La alacena de la memoria está
repleta de hechos que andan ordenados en sus respectivos
anaqueles. Más bien olvidados, pero un buen día sucede algo
y de pronto uno se encuentra con que ese algo sirve para
recordar lo vivido en una época ya lejana y de la que apenas
habla. Me ocurre con la muerte de Ferenc Puskas que los
recuerdos almacenados de los 60 se me presentan con una
nitidez pasmosa ante mí. De pronto, me veo conversando de
fútbol en Domitila: un bar que estaba situado en el paseo de
las Delicias, junto al hotel Carlton. Precisamente, sitio
donde el Madrid se concentraba a veces. En la tertulia,
lleva la voz cantante Pedro Eguiluz; quien era ya director
técnico de todas las categorías inferiores del equipo blanco
y que, junto con Miguel Malbo, consigue que la cantera
madridista sea la mejor de España. Tiempos de Velázquez,
Grosso, José Luis, Corcuera, González...
A Pedro Eguiluz, que había sido jugador del Sevilla, daba
gusto oírle hablar de fútbol. En aquel Madrid, la llegada de
Pirri, procedente de Granada, produjo el siguiente
comentario de Pepe Trompi: en cuanto Miguel Muñoz le dé una
oportunidad, seguro que será titular siempre. Trompi era,
además de entrenador y ex jugador de la Ferroviaria y
Granada, un genio en muchos aspectos.
Con lo de Puskas, es decir con la noticia de su
fallecimiento, me sitúo en la Cafetería Bar Recoletos y
descubro a Luis Elices explicando las razones que tiene para
hacer que el ‘libre’ abandone su estatismo como último
defensor y apoye por sorpresa y nunca por sistema, las demás
líneas del equipo. Elices era un tipo adinerado, bondadoso y
un entrenador como la copa de un pino, por haberse
adelantado a su tiempo. A la tertulia de la cafetería
acudía, en ocasiones, Mariano Moreno y otros técnicos que no
sólo aprendían sino que también tomaban el aperitivo gratis.

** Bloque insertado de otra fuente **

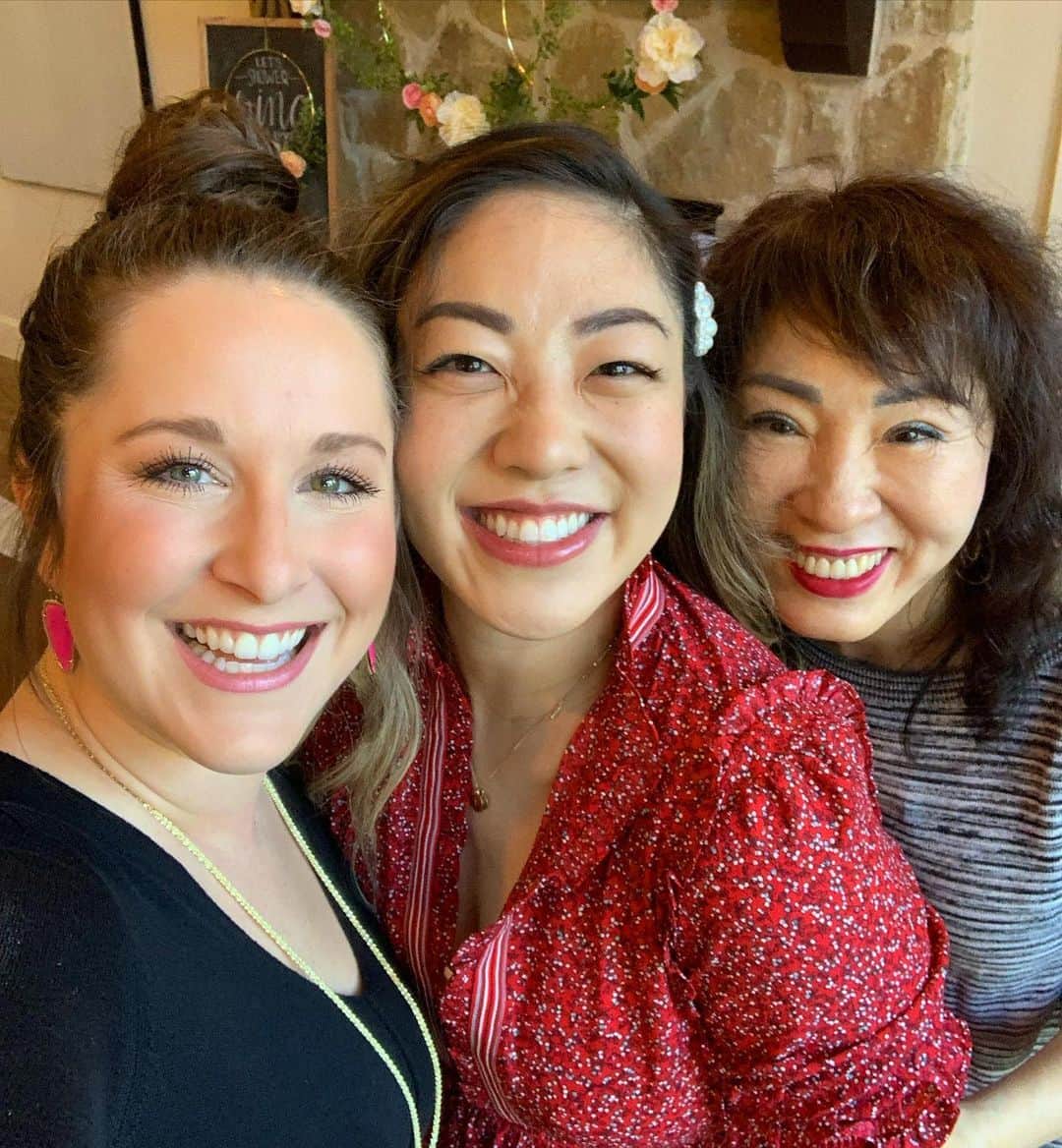 カーリー・パターソンさんのインスタグラム写真 - (カーリー・パターソンInstagram)「What a special morning showering one of our best friends!!!! We love you and your sweet family so much and we can’t wait for baby girl to arrive🥰🤍」1月19日 7時30分 - carlypatterson04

En aquel Madrid de los llamados años felices, la sede social
del Atlético estaba en un primer piso de la calle Barquillo
y las escaleras de madera olían a meadas de gato y los
escalones crujían cuando el ‘Gordo Valdera’ decidía
presentarse en el club. Toda una institución, el Gordo,
dentro de un equipo que apenas tenía liquidez y Jorge Griffa
hacía de banquero entre sus compañeros menos pudientes.
Valdera era propietario de un restaurante donde se comía el
mejor cocido de la capital y de postre se recibían lecciones
del deporte rey.
La muerte de ‘Cañoncito Pum’, allá en su Hungría natal, me
recuerda que en 1960 se hablaba y se hablaba, desde Usera a
Ciudad Lineal, sólo de los cuatro goles que Puskas le había
hecho al Eintracht de Franfurkt en Glasglow. Partido
memorable y que en el Reino Unido parece que se pasa cada
año en la televisión, para recreo de la vista de mayores y
jóvenes.
De aquel Puskas se decía de todo: que tenía un saque enorme
en la mesa; que insultaba con su media lengua española a sus
compañeros cuando no entendían sus intenciones; que era más
bueno que el pan con los necesitados; y sobre todo causaba
gran satisfacción saber que era el único que se permitía el
lujo de contradecir a Di Stéfano. Aquello era el no va más:
y los aficionados pensaban que había que tener dos cojones
para discutir con el número uno del mundo y emperador del
Madrid en el césped. Y es que en una España sojuzgada y
sometida a la dictadura de la censura, que aquel hombre
pudiera dirigirse a la ‘Saeta Rubia’ de tú a tú, era
considerado un acto de dos pares... Sin embargo, y por más
recuerdos que vayan aflorando, yo me quedo con los de la
final de Copa, temporada 61-62, entre Madrid y Sevilla. Que
repitan ese partido, aunque sea con deficiencias. Para ver
la sapiencia de Puskas en todo su esplendor.